Electric potential graph analysis

[freshcoast]

Homework Statement

Homework Equations

ΔU = -q∫E * ds

The Attempt at a Solution

Just by looking at the graph I am thinking, if I solve for E using the equation above, the number would be always negative therefore I can conclude that the electric field at any x position would be negative and the graph will look the same it will be just inverted. (-y values)

I don't know if this is the correct way to look at the problem or if I have to use energy conservation but any help would be much appreciated.

Thanks!

 

[Tanya Sharma]

E_x = -dV/dx =negative of the slope of V-x graph.
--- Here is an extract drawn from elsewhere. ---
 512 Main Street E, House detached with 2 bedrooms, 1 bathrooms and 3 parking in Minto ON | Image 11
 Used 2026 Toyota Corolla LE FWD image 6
What is the slope of graph between 0 and 1,1 and 3,3 and 4 ?

 

[freshcoast]

between 0 and 1, the slope is positive, 1 and 3 the slope is zero, 3 and 4 the slope is negative.

So if I use that equation you posted, between 0 and 1, the electric field will be negative, between 1 and 3 the electric field remains negative and then when x is between 3 and 4 the slope will be positive?

 

[Tanya Sharma]

between 0 and 1, the slope is positive, 1 and 3 the slope is zero, 3 and 4 the slope is negative.
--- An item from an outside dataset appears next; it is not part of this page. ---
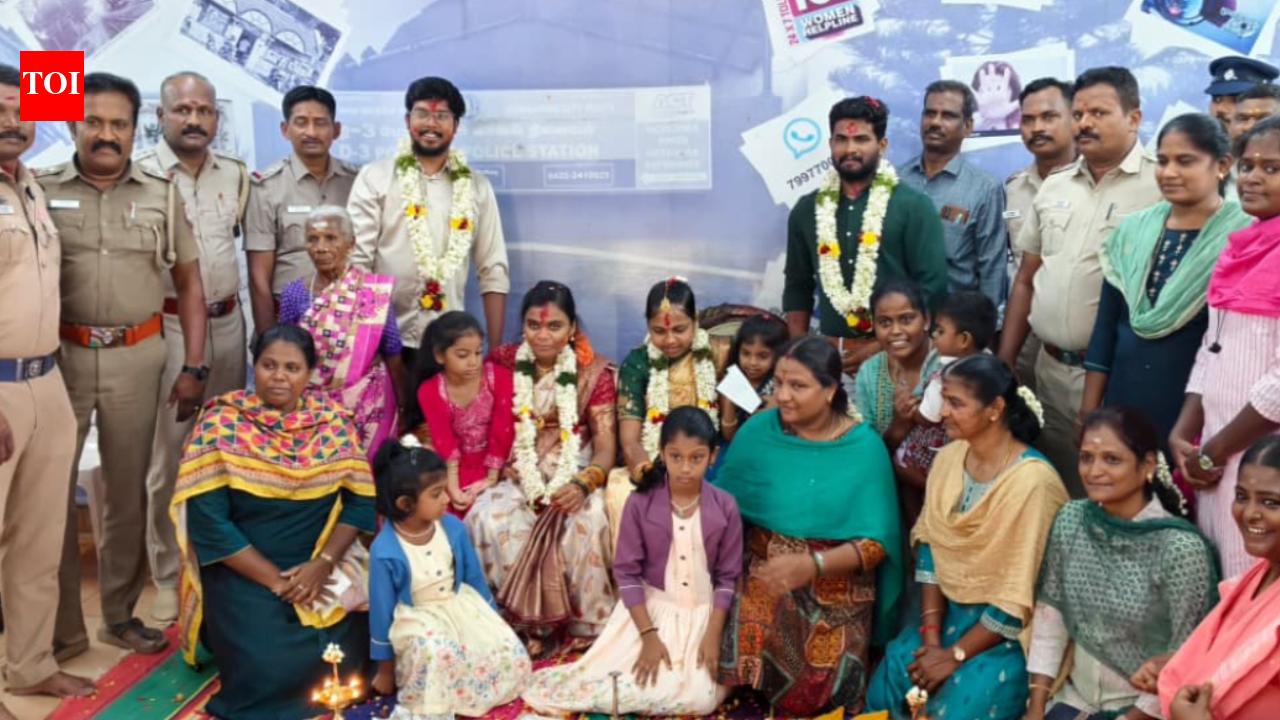 Podanur police station hosts baby shower for two pregnant cops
So if I use that equation you posted, between 0 and 1, the electric field will be negative, between 1 and 3 the electric field remains negative and then when x is between 3 and 4 the slope will be positive?

Recheck your reasoning

 

[freshcoast]

Oh, between 1 and 3 electric field is zero. 0 and 1 V slope is positive therefore efield is negative, 3 and 4 v slope is negative therefore efield is positive.